Danes voted on Thursday in a referendum and decide whether the Danish opt-out on EU Justice and Home Affairs should be replaced by an opt-in model Credit: Lasse Kofod/Polfoto (AP)
Danes voted on Thursday in a referendum and decide whether the Danish opt-out on EU Justice and Home Affairs should be replaced by an opt-in model Credit: Lasse Kofod/Polfoto (AP)

Sabina Zawadzki

Denmark is on course to reject closer ties with the European Union after the majority of Danes voted against a referendum on giving over a number of security related issues to the 28-member bloc.

Exit polls, released minutes after voting finished at 7 pm (GMT), show 52.8 pc voted against the country disregarding its decades-old opt-out on justice issues, including terrorism and cross-border crime.

Denmark, Britain and Ireland all won various concessions from the EU in the early 1990s when the modern foundation for the now 28-member bloc was laid, including exemptions from rules governing EU justice and home affairs policies.

In a vote watched by British politicians, who are locked in battle concerning the future of that country's own ties to the EU, Danes were asked to entrust parliament to opt in to some justice and home affairs rules to help fight cross-border crime.

The populist Danish People's Party (DF), now the second-largest faction in parliament, urged Danes to vote "No" to retain its hard-fought-for exemption won in 1993 and avoid giving away sovereignty over security to eurocrats in Brussels.

Analysts said the "Yes" campaign has been lacklustre while the "No" side had a much simpler message of rejection.

"I think it's important we don't give up our sovereignty," said 25-year-old "No" voter Lea Sommer Holmberg at Copenhagen's city hall. "It's important power stays with the people so politicians cannot just do what they want."

Danish Prime Minister Lars Lokke Rasmussen casts his ballot for the EU referendum at Nyboder School in Copenhagen Credit: Nils Meilvang/Scanpix (REUTERS)
Danish Prime Minister Lars Lokke Rasmussen casts his ballot for the EU referendum at Nyboder School in Copenhagen Credit: Nils Meilvang/Scanpix (REUTERS)

Others point to the size of the Nordic country of 5.5 million people, meaning it needs the shelter of Europe.

"Denmark is a small and lovely country and we need to take care of its best interests.

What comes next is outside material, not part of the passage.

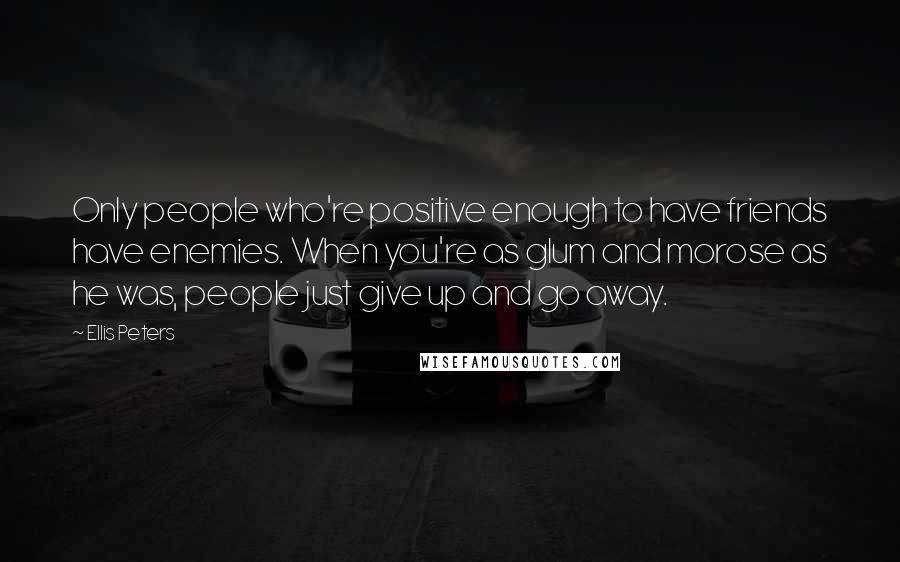 Ellis Peters Quotes: Only people who're positive enough to have friends have enemies. When you're as glum and morose as he was, people just give up and go away.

And because we are a small country, we need some bigger friends," said Steen Boring, a man in his 60s who voted "Yes" as polls opened at Copenhagen's city hall.

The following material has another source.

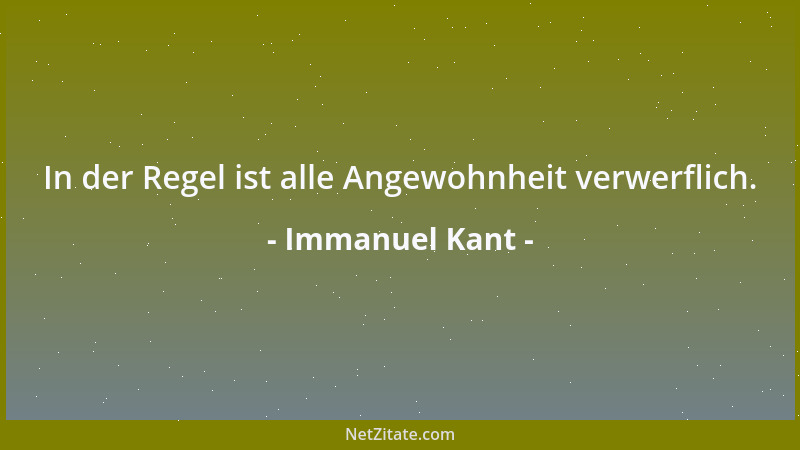 Immanuel Kant - In der Regel ist alle Angewohnheit verwerflich....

The vote comes amid heightened security fears across Europe after after 130 people were killed in Paris in attacks claimed by Islamic State militants, and as Europe struggles with a huge influx of refugees from Syria and other countries.

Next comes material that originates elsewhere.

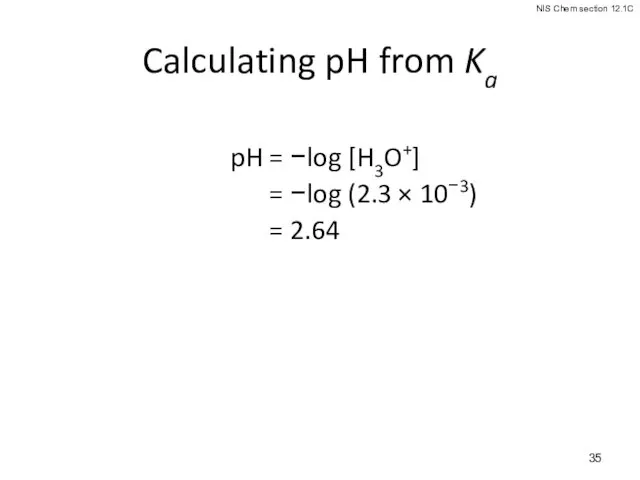 Calculating pH from Ka pH = −log [H3O+] pH =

Denmark needs to adopt some EU rules because of reform of Europol will change the way it receives and analyses data.

The ruling centre-right Liberals, ex-ruling Social Democrats, and several other parties agreed on 22 EU laws that Denmark would opt into if the vote is "Yes".

All have stressed the acts do not concern immigration, another part of the justice and home affairs policy from which Denmark is exempt.

That means it does not, for example, have to participate in schemes to resettle refugees.